I have a column 'user_contacts_attributes ' in spark dataframe:
+------------------+-------------------------------------+
| user_name |user_contacts_attributes |
+------------------+-------------------------------------+
| Test | "user": { "id": "16","username":"sam","level":"2.00"} |
+------------------+-------------------------------------+
the dataframe has a schema as below:
user_name:string
user_contacts_attributes:struct
user:struct
id:string
level:string
username:string
The resultant dataframe has to be as below:
+------------------++------------------+---------------------------+
| user_name |parent |child | value |
+------------------+---------------------------++------------------+
| Test|user | id | 16 |
| Test|user |level | 2.00|
| Test|user |username | sam |
+------------------+---------------------------+-------------------+
I have tried writing UDF similar to this PySpark "explode" dict in column But failed.
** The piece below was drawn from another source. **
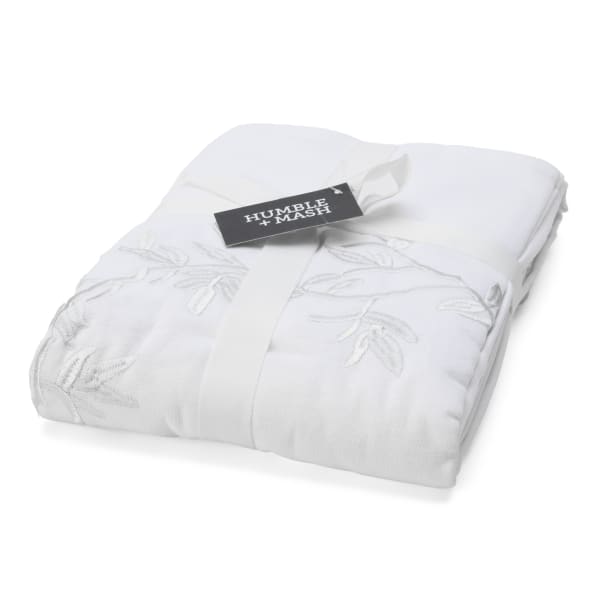 Humble & Mash Harvest Embroidered Silver Tablecloth, 8-Seater
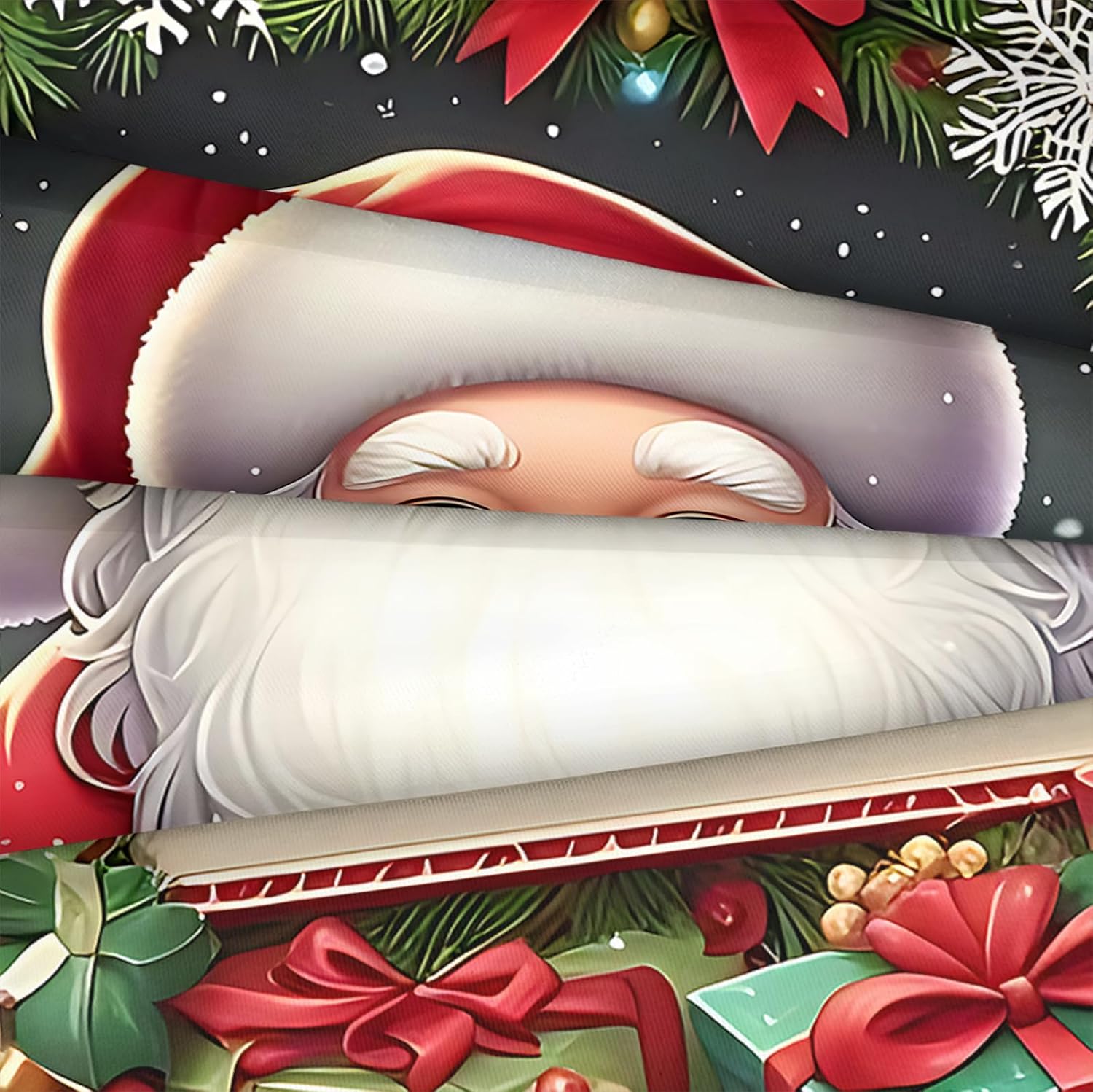 Merryword Cartoon Santa Claus Comforter Set Queen Cute Bedding Set for Girls Boys Teens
I need a udf that I can apply to each of these dataframe rows
Use an SQL expression to create a new column containing an array of named_structs, where each struct contains the field name and field value of one json element:
from pyspark.sql import functions as F
df = ....
base = 'user_contacts_attributes.user' # according the the schema 'user' is a fixed string
# get all json elements:
fields = df.select(f'{base}.*').schema.fieldNames()
# create the expression for the array
expr = "array(" + \
",".join([f'named_struct("child", "{field}", "value", {base}.{field})' for field in fields]) \
+ ")"
expr
now contains the string
array(
named_struct("child", "id", "value", user_contacts_attributes.user.id),
named_struct("child", "level", "value", user_contacts_attributes.user.level),
named_struct("child", "username", "value", user_contacts_attributes.user.username)
)
Finally explode the array and remove the intermediate columns:
df.withColumn('parent', F.lit('user'))\
.withColumn('values', F.expr(expr)) \
.withColumn('values', F.explode("values")) \
.withColumn("child", F.col("values.child")) \
.withColumn("value", F.col("values.value")) \
.drop("user_contacts_attributes", "values") \
.show(truncate=False)
Output:
+---------+------+--------+-----+
|user_name|parent|child |value|
+---------+------+--------+-----+
|Test |user |id |16 |
|Test |user |level |2.00 |
|Test |user |username|sam |
+---------+------+--------+-----+
If possible, using UDFs should be avoided as they are slower than SQL functions.